[Given records Boundary: Start]

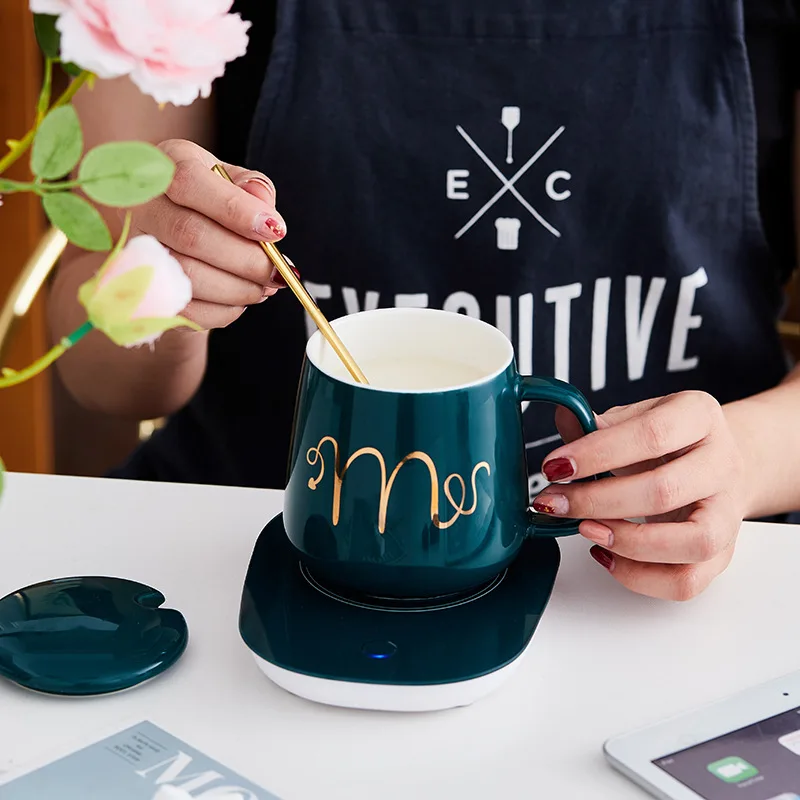 USB custom logo emerald reusable luxury ceramic coffee cups mugs with gift box water heater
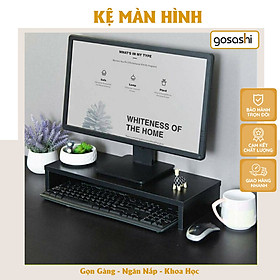 Kệ Đỡ Màn Hình, Kệ Đỡ Laptop Phong Cách Tối Giảm Cải Thiện Tầm Nhìn, Gỗ MDF Chống Xước, Nhiều Màu,Dễ Lắp Đặt Decor Thương Hiệu Gosashi-KGDMHMT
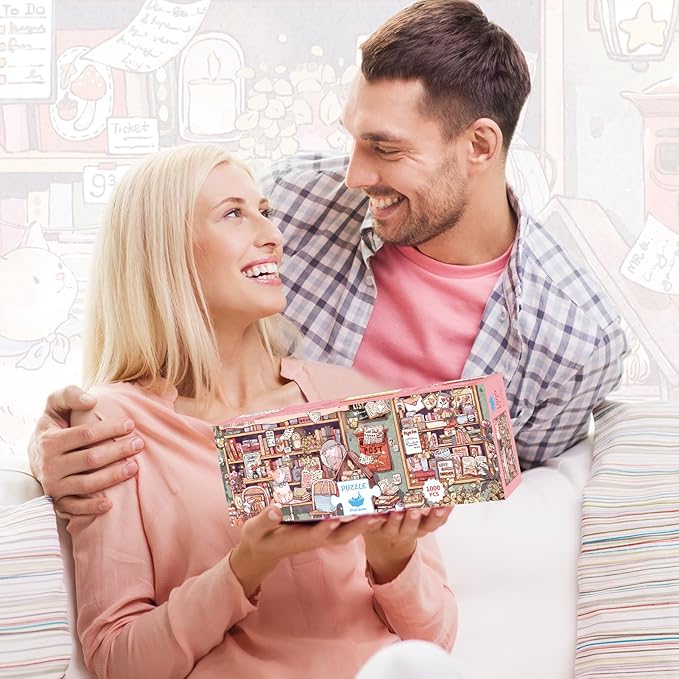 MOMIBOOK Puzzles for Adults 1000 Pieces Jigsaw Puzzles of Flowers in Pages, Painting Image Bookstore Bookshop Difficult Challenging Hard Impossible Puzzle Unique Funny Party Christmas Birthday Gifts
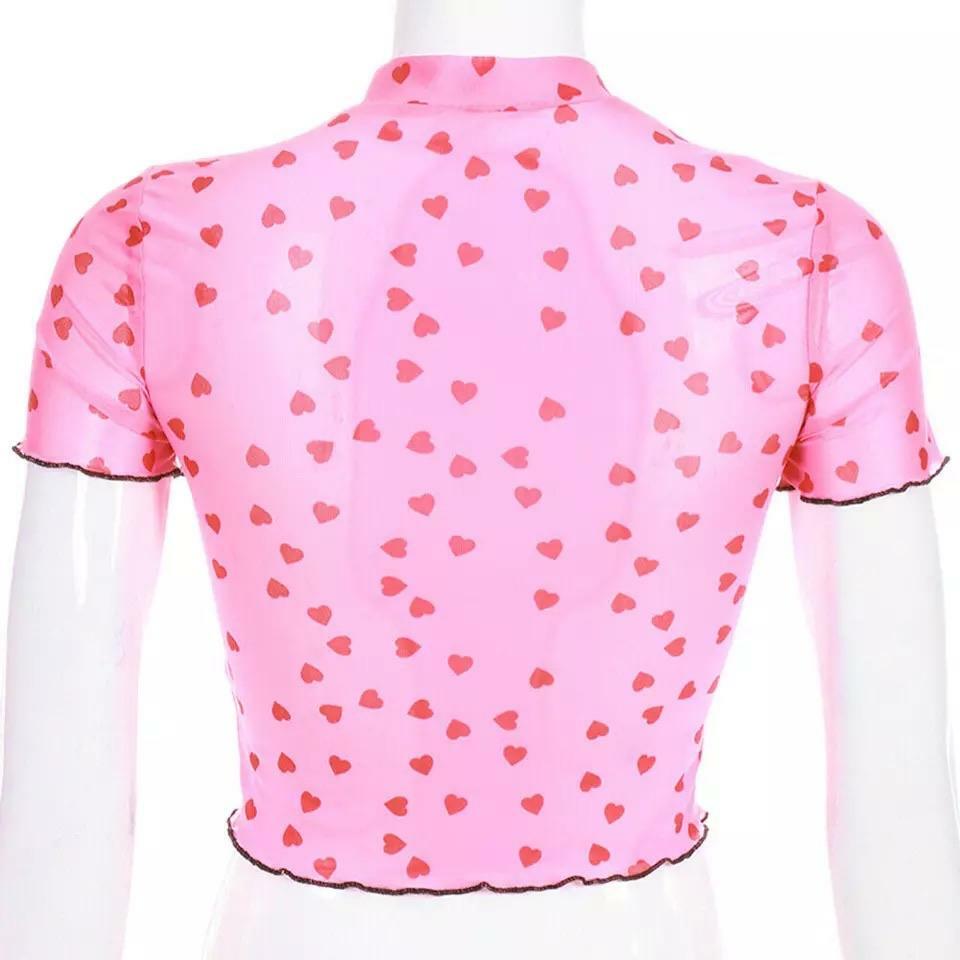 Polka Hearts Pink Crop Top - Y2K Summer, 90s Grunge, Retro Style, Y2K Party & Club Outfits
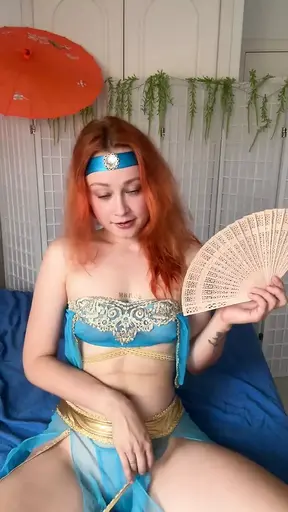 Panties Stuffing in Very Wet Pussy! Jasmin Cosplay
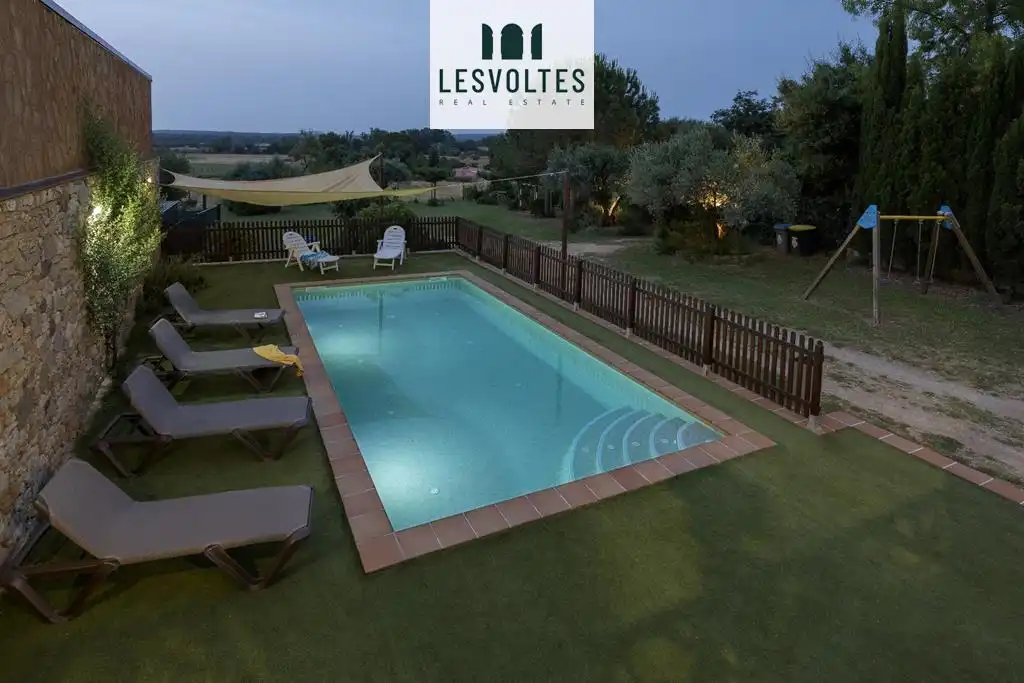 Swimming pool of Houses for rent in Forallac  with Heating, Private garden and Parquet flooring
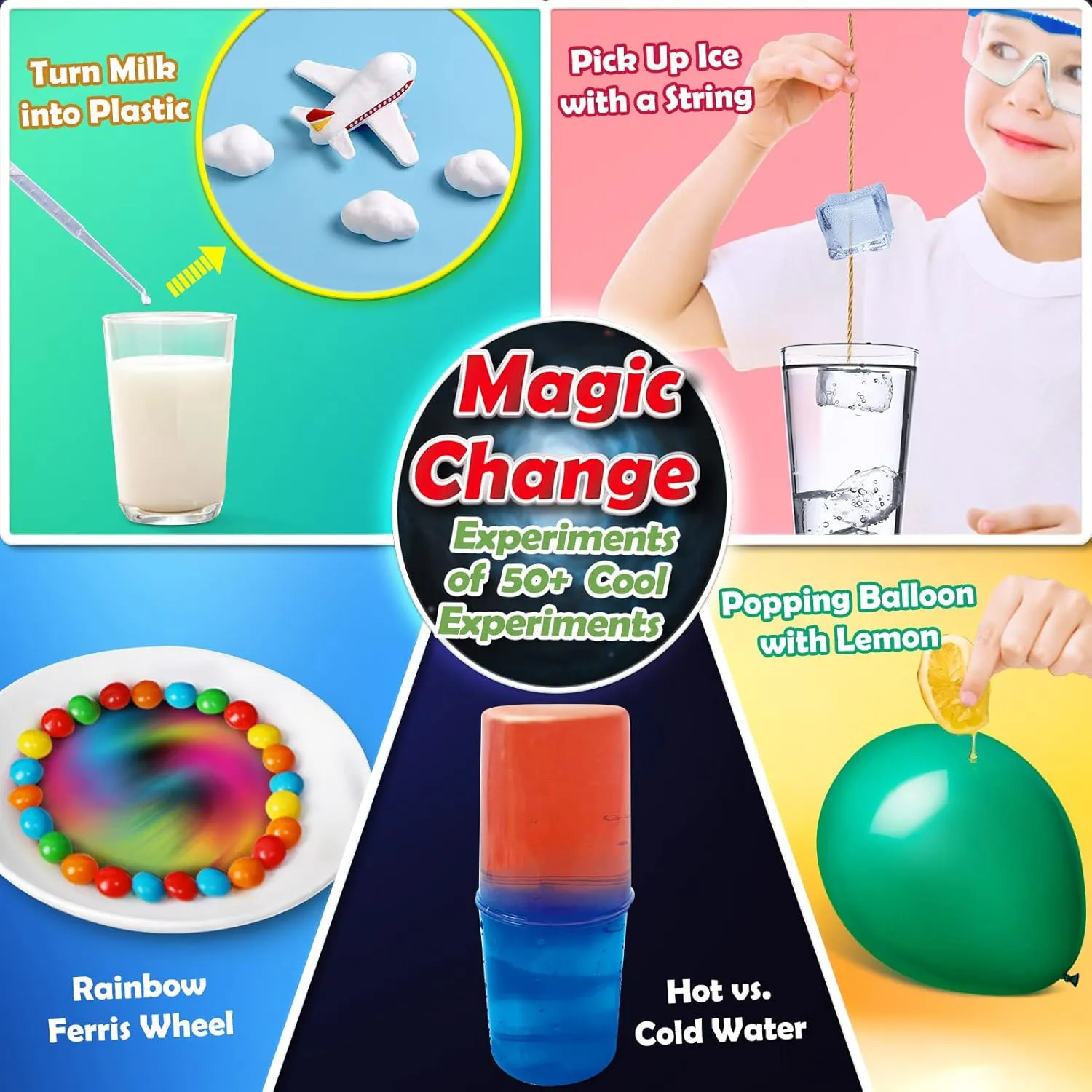 50  Science Lab Experiments Kit for Kids Age 4-6-8-12, STEM Activities Education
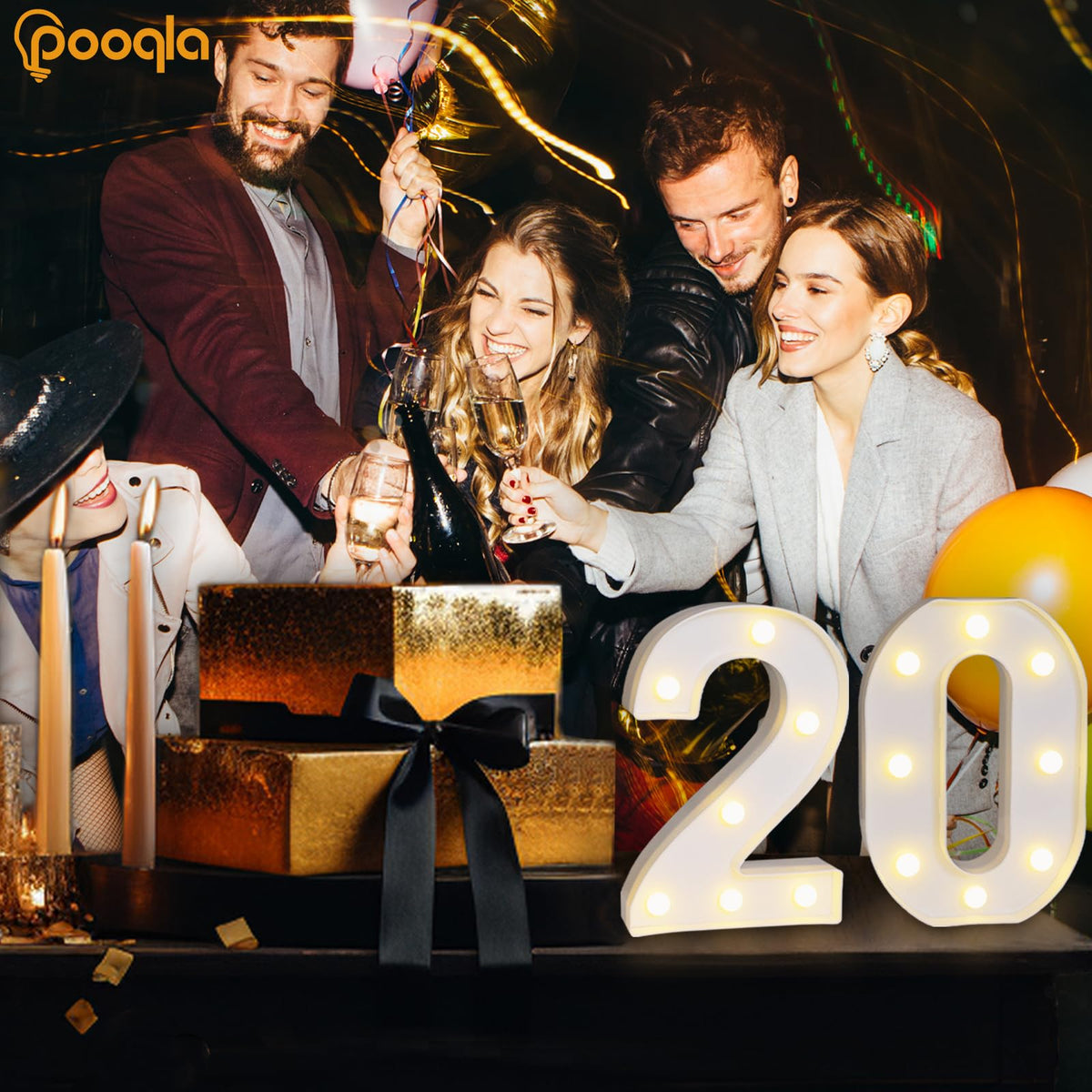 Pooqla light up 20 wall sign doubles as a backdrop decoration for celebrations.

[Given records Boundary: End]

- Brief: Reproduce, with no pictures, the lines from the one containing "Panties Stuffing in" to the end of the records above, exactly and inclusively.

- Output for this task:
 Panties Stuffing in Very Wet Pussy! Jasmin Cosplay
 Swimming pool of Houses for rent in Forallac  with Heating, Private garden and Parquet flooring
 50  Science Lab Experiments Kit for Kids Age 4-6-8-12, STEM Activities Education
 Pooqla light up 20 wall sign doubles as a backdrop decoration for celebrations.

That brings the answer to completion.